KARACHI, June 15: Between July-May 2003-04 the government had to borrow from the banking system Rs64.8 billion-more than four times the target of Rs15 billion set in the credit plan of this fiscal year. This amount is more than double the initial target of Rs28 billion set in the 2003-04 budget.
In the 2004-05 budget, the government has revised its estimate of bank borrowing for fiscal year July/June 2003-04 to Rs74 billion and has set Rs45 billion target for the next fiscal year.
The latest data released by the State Bank shows that between July/May 2003/04 the government borrowed Rs64.8 billion from the banking system to fill in the gap between income and expenses.
In the comparable period of last fiscal year, the government had retired Rs59.9 billion bank credit instead of making any fresh borrowing. The government was forced to borrow more from the banking sources not because of any fall in its revenue or non-revenue income.
What forced it to do so was a decline in its external receipts and the provincial cash balance. The budget document 2004-05 that also contains revised estimates of income and expenses accounts of 2003-04 shows that net revenue receipts including tax and non-tax revenue is likely to reach closer to Rs550 billion against the target of Rs513 billion.
Net revenue receipts are obtained by adding tax revenue collected by Central Board of Revenue and other sources as well as non-tax revenue and subtracting from the sum of these figures the share of provinces in taxes.

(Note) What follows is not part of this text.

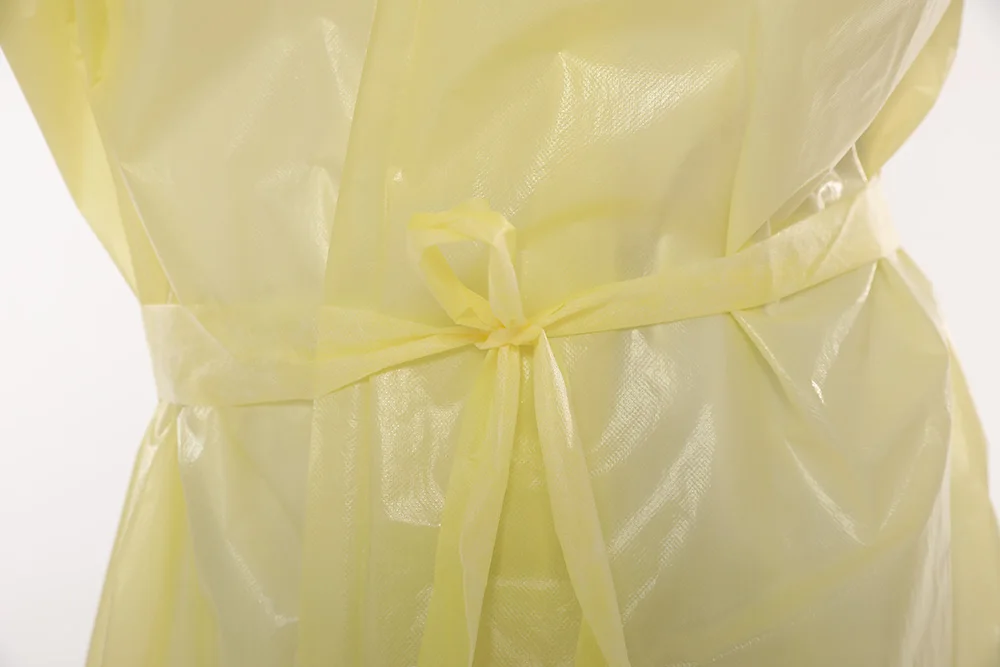 Wholesale ASTM Level 4 PP PE Coated Fully Taped Waterproof  Yellow Disposable Medical Surgical isolation Gown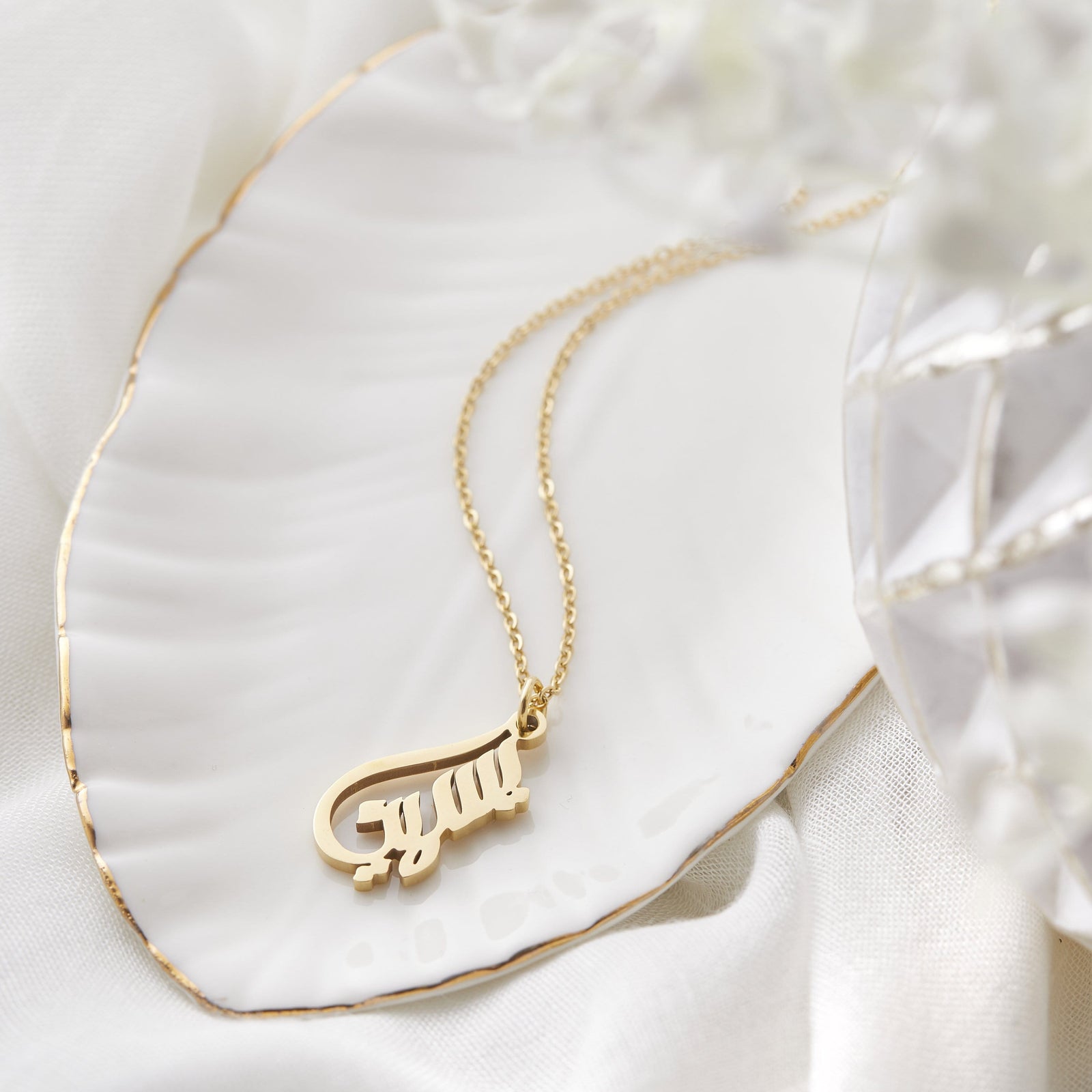 Close up of the gold Ready Calligraphy Name Necklace - Yasmine against a light background.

The budget document further shows that net capital receipts are also expected to touch Rs398 billion mark against the target of Rs367 billion. Similarly the volume of self-financing of Public Sector Development Programme or PSDP is also expected to be more than Rs34.8 billion against the target of Rs30 billion.
More importantly the income from privatization of state-owned units is also projected to reach Rs110 billion against the target of Rs100 billion. The budget document projects a shortfall in two sources of federal income i.e. its net external receipts and provincial cash balances.
External receipts are likely to fall to Rs145 billion at the end of this fiscal year against the target of Rs159 billion. Similarly the provincial cash balances with the government are projected to decline to Rs143 billion from the targeted level of Rs280 billion.
On the expenses side what forced the government to borrow more from the banking system was not an increase in its development expenditure but current expenses. Development expenditure is projected to reach Rs154 billion at the end of this fiscal year slightly lower than the target of Rs160 billion. But current expenses are likely to reach Rs714 billion against the target of Rs645 billion showing an increase of about 11 per cent or Rs69 billion.
That the current fiscal year is going to end up with current expenses exceeding the target by 11 per cent indicates that the level of fiscal discipline is falling. What makes the situation look more disturbing is that this increase stems primarily from a phenomenal rise in expenses on general public services that are likely to reach Rs448 billion from the target of Rs377 billion.